Tide Levels and Storms
Tide levels can vary significantly depending on the time of day and weather. Some tides can be extremely high, while others can be very low. These changes in sea level are caused by the combined gravitational forces of the moon and sun. The tides are also affected by wind and barometric pressure changes. They can be used to predict the tides, but are not accurate in all cases. Those living along the coast should take note of the tides and their predicted range and use them to assess risks.
In coastal areas, the highest tides are generally at new or full moons. This is because the gravity of the moon and sun are aligned. However, other astronomical factors can affect the tides, including the Earth’s rotation, the Sun’s orbit and the Moon’s position. It’s important to check the tidal predictions before traveling to a shoreline.
In North Carolina, the difference between the highest and lowest tide levels usually hovers around three feet. If the difference between the highest and lowest tides differs by more than a foot, this may indicate a change in wind or atmospheric pressure. Winds can affect the water level more than lunar tides, especially in Pamlico Sound.
While the tides are most important to those living near the coast, they can also affect people who are inland. For example, the highest tides during a storm can bring flooding, especially in low-lying coastal communities.

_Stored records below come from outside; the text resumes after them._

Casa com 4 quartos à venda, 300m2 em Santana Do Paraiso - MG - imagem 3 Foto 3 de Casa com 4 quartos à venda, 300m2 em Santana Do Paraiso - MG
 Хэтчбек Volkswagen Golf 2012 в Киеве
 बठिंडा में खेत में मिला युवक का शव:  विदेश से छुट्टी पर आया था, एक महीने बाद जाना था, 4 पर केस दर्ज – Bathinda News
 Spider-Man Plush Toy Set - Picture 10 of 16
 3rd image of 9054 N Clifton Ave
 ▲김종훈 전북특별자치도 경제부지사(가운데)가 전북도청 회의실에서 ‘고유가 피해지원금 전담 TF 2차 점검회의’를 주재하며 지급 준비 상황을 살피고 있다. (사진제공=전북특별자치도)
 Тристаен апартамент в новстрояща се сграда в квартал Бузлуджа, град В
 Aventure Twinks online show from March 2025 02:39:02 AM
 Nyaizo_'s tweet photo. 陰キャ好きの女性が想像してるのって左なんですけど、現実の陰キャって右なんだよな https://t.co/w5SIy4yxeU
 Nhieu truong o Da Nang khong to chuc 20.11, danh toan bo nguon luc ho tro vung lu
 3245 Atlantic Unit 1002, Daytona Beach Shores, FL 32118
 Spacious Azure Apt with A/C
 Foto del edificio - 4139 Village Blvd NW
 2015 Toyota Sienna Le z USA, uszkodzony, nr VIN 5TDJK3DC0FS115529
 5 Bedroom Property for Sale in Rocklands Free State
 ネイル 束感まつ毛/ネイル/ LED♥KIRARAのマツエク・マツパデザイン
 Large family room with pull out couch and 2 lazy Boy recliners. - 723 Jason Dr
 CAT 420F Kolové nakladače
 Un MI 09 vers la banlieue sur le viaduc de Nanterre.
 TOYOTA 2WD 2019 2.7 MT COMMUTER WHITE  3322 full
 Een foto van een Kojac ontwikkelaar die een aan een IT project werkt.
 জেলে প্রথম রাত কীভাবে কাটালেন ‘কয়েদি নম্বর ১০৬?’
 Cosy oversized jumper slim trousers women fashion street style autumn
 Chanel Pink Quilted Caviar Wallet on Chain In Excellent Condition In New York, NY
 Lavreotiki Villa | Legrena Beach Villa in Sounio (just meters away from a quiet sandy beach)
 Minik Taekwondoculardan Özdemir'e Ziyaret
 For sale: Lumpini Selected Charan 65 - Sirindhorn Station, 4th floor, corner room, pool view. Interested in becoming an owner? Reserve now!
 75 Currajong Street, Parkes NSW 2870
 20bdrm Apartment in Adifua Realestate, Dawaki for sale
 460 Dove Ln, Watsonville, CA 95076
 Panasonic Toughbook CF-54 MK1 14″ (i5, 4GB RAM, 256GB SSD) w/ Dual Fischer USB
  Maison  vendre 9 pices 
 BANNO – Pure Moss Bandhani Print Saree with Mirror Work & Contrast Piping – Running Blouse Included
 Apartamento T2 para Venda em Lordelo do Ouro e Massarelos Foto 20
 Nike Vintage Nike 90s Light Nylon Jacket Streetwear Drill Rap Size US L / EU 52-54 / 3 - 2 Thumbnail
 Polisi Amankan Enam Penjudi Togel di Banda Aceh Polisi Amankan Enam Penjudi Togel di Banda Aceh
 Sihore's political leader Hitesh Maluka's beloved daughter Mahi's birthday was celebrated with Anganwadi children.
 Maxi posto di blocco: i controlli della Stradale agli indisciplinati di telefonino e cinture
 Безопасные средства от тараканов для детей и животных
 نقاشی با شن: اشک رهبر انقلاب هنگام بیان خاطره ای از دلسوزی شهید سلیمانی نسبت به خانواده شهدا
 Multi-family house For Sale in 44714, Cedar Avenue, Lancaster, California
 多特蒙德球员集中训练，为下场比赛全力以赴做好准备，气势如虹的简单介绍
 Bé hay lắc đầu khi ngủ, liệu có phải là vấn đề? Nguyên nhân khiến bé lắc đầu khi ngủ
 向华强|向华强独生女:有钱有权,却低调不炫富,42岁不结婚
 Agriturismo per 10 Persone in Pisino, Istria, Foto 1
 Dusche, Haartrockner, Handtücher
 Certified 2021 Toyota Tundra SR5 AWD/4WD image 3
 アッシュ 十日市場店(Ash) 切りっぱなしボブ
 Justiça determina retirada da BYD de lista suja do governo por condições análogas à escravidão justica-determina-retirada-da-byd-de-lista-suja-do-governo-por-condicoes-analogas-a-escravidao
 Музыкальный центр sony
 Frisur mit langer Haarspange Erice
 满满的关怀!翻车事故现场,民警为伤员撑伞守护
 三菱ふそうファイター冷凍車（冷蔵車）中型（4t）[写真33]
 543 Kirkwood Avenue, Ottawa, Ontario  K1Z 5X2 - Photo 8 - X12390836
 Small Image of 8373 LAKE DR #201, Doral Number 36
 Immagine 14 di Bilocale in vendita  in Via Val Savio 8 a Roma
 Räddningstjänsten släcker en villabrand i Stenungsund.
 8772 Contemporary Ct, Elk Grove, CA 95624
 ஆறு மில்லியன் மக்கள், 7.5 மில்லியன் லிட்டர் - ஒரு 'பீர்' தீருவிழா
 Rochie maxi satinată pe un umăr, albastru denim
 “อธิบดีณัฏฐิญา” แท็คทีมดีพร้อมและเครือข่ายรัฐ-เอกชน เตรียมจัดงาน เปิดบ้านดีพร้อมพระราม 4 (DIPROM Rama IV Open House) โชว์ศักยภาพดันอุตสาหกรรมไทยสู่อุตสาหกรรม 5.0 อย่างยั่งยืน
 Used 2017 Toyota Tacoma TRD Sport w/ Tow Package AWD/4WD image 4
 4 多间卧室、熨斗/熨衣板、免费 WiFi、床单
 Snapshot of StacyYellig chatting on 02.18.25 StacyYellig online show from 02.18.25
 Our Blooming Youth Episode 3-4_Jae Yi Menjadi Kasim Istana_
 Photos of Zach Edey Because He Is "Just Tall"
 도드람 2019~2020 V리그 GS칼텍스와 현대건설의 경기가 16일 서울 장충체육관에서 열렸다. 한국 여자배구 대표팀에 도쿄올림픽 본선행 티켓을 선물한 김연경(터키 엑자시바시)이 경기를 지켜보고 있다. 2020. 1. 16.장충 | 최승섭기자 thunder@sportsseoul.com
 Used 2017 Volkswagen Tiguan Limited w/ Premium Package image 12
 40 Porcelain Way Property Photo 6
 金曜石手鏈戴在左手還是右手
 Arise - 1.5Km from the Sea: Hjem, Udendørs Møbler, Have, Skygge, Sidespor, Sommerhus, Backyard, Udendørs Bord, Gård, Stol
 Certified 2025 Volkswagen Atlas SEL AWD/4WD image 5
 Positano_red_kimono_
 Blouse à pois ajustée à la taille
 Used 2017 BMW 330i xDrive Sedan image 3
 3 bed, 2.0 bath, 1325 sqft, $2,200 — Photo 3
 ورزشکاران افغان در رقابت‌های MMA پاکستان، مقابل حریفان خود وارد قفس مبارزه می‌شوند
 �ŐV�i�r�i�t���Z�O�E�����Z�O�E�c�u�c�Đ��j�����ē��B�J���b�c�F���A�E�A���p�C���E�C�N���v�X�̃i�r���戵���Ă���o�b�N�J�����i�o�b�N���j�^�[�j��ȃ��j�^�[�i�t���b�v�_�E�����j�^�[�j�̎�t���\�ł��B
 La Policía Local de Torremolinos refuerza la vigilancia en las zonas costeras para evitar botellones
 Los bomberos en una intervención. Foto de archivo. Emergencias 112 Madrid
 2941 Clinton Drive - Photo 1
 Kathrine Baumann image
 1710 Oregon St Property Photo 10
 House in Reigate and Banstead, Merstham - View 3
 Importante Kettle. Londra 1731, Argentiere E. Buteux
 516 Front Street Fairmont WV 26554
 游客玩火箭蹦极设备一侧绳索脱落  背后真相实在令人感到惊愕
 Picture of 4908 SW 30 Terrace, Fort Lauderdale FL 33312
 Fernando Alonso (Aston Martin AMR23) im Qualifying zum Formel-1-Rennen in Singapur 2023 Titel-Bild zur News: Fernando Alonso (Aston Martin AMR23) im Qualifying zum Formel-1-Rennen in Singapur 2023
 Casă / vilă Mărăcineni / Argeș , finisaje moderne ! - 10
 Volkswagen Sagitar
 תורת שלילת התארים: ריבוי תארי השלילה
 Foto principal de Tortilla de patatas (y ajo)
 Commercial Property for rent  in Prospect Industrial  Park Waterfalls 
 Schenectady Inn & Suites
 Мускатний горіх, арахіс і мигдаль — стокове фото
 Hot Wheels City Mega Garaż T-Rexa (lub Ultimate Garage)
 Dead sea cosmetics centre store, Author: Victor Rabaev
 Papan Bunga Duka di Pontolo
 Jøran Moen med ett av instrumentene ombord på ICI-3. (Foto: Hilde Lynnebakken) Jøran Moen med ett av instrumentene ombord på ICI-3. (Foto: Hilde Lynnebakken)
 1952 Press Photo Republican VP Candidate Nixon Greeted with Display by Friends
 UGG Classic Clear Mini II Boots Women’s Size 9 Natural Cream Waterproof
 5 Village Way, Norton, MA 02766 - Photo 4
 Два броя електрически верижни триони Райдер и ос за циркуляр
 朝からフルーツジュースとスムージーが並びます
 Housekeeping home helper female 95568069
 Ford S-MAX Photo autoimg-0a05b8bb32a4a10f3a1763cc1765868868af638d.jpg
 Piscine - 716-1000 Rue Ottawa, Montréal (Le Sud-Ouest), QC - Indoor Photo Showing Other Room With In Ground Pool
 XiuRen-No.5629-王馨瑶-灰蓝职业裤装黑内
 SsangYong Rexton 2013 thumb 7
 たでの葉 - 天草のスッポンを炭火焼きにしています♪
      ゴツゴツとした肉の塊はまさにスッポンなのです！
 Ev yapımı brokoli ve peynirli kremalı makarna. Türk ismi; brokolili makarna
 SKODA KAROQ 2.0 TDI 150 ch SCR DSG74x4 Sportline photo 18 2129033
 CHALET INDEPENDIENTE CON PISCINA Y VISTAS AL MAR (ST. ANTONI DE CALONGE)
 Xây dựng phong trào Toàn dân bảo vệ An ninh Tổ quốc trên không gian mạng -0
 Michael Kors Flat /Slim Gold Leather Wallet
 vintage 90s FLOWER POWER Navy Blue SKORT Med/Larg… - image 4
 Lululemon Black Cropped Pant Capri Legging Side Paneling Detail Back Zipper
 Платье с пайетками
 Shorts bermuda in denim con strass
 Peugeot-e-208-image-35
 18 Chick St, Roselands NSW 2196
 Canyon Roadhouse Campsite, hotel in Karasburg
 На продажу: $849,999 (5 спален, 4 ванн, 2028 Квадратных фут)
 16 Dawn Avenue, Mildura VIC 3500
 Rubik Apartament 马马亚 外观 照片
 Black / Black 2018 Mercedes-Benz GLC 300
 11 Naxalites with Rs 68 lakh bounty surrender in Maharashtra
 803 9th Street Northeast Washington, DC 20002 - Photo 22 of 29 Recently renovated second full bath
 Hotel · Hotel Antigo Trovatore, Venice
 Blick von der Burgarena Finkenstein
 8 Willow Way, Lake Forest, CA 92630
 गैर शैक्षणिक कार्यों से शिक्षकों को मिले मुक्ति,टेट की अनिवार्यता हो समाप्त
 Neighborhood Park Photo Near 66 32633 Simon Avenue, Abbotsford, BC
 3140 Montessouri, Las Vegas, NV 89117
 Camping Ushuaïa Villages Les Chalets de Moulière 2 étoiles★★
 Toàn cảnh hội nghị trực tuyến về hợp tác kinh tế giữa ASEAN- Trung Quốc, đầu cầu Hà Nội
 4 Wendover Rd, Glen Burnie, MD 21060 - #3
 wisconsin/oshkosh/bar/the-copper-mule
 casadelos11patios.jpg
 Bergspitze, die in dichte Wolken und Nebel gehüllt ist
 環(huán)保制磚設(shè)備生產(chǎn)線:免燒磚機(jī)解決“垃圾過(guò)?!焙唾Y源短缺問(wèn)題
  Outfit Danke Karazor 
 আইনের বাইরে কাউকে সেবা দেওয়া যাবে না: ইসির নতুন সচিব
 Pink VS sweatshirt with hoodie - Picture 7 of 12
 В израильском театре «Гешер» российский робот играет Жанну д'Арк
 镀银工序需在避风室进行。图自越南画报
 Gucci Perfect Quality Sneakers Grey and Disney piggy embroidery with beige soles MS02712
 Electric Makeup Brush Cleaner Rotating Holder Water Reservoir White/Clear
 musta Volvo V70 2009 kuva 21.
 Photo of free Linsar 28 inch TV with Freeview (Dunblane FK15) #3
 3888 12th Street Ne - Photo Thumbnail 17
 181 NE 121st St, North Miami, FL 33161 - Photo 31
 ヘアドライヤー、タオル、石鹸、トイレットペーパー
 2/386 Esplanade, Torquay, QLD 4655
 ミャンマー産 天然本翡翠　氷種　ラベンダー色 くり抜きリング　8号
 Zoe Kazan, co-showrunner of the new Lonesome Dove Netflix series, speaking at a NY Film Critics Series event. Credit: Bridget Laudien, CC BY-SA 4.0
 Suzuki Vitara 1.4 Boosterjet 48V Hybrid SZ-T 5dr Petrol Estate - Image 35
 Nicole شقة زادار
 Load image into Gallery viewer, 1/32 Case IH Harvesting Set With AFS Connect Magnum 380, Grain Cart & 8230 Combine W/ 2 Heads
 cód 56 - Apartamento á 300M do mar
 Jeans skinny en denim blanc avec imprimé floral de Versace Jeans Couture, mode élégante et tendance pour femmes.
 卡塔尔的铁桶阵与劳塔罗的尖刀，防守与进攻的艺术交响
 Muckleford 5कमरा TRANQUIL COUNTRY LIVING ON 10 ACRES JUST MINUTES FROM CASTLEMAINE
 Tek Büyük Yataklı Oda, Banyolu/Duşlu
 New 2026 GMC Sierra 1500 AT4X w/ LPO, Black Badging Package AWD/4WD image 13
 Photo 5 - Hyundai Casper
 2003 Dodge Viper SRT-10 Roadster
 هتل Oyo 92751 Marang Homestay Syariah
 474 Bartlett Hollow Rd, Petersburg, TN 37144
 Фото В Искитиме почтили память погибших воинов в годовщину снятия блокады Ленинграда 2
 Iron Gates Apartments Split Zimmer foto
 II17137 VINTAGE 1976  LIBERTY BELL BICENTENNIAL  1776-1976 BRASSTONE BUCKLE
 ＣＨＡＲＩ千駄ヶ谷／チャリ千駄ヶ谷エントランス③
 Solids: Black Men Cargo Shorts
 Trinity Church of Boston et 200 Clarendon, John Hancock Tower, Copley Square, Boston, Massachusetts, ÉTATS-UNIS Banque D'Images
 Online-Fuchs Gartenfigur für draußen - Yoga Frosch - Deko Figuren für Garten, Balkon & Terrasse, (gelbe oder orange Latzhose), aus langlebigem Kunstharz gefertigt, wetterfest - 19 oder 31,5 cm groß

A storm can also bring a storm surge, which is higher than the sea level at the shore. Storm surges are a result of piling up of water from the deep ocean onto the shore. When the water comes ashore, it carries sand and other materials seaward, causing minor street flooding and rough surf.
Although some of these changes are caused by the wind and the barometric pressure, the tides are the major source of short-term changes in sea level. Usually, the largest changes happen during large storms. Depending on the weather conditions, a hurricane or a non-tropical storm can cause a surge or a tsunami. During these events, the level of the water can increase by up to 20 feet. As the storm moves away, the tides continue to rise.
The tides of the Bay of Fundy are among the highest on Earth. This is because the ocean here is far from the continental shelf. That makes it a perfect place to study high-tide levels. The maximum range measured in Burntcoat Head in the Bay of Fundy in November 1998 was 16.3 metres.
High tides are caused by a combination of the lunar gravity and the Earth’s rotational force. The tides are normally two-hour periods, and a new or full moon can cause minor flooding. There are two types of tides, semidiurnal and diurnal. Semidiurnal tides are typical along the East Coast. On the other hand, diurnal tides are more common on the West Coast.
Other causes of change in tides include tidal cycles and seasonal weather patterns. New moon and full moon tides are especially likely to cause flooding, especially in areas that are prone to floods.